Results and discussion

Evaluation of the preADME profile of the eugenol and NSAIDs (diclofenac and aspirin)

Compared to the NSAIDs, from the druglikeness in silico studies performed (Table 2), eugenol was observed, exposed to drug dispensers, because they were in accordance with the criteria of noncompliance with CMC rule, Rule of Five, and the leadlike rule, it may be in accordance with these indices to be qualified as druglikeness compound56,57,58,59,60,61,62,63. Eugenol exhibited very similar behavior to diclofenac and aspirin. Molecules that no violate these rules like eugenol don't have problems of bioavailability.

Table 2 The druglikeness properties of compounds provided by the preADMET tool.

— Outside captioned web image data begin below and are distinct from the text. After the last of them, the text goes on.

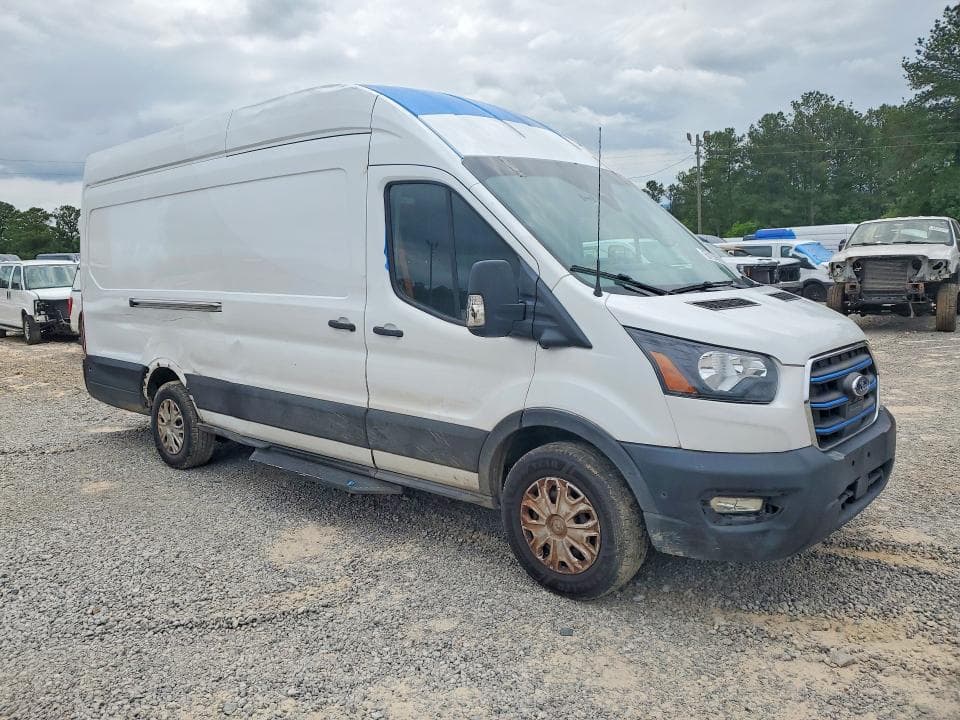 2022 FORD TRANSIT T-350 4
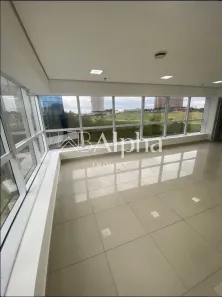 Sala Comercial para alugar, 58m² no Green Valley Alphaville, Barueri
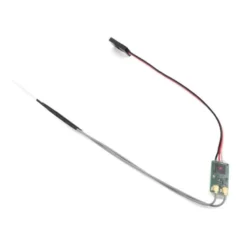 Récepteur R2000SBM 2.4GHz Futaba S-FHSS S.Bus Port & RSSI Drone Racing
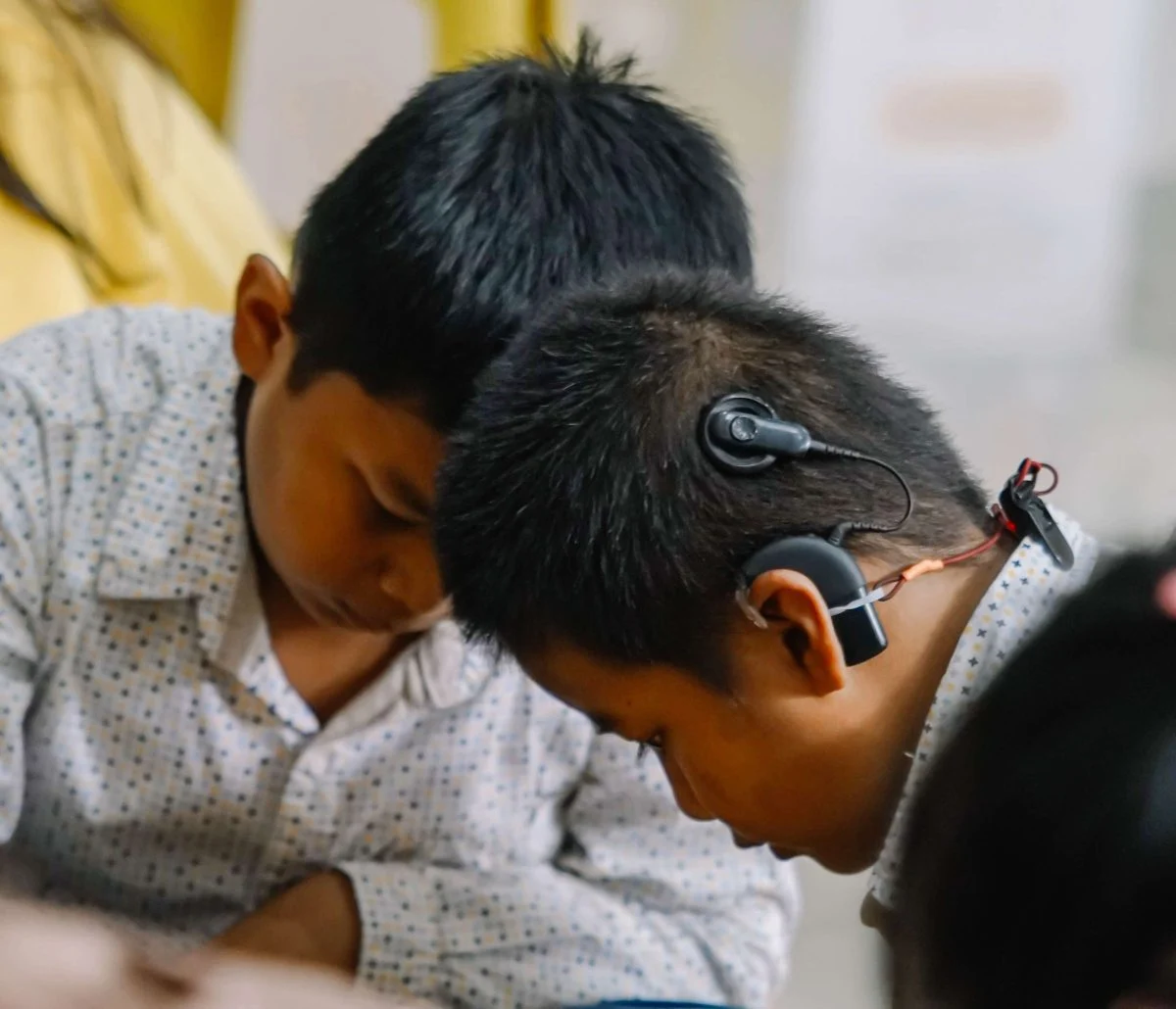 UNUSA Gandeng Hear The World Foundation Siapkan Prodi Audiologi untuk Anak dengan Gangguan Pendengaran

The Eugenol violates the MDDR rule in two parameters: (1) the number of ring bonds and (2) as to the number of rotation bonds, due to the number of violations is classified as druglike and nodruglike mean structure63,64. Interactions involving aromatic rings are major contributors to protein–ligand recognition and concomitantly to drug design. While that reducing the number of aromatic rings of a molecule might improve its physicochemical properties, such as solubility increasing its bioavailability63,64,65. On the other hand, leadlikes are generally smaller molecules such as eugenol and allow structural incorporations to increase effectiveness during lead optimization and can be incorporated as lead optimization processes66. Druglikeness values of the substances are very similar, especially between eugenol and aspirin. Probably because they have more similar chemical structures. These values demonstrate that eugenol has a chemical structure druglikeness.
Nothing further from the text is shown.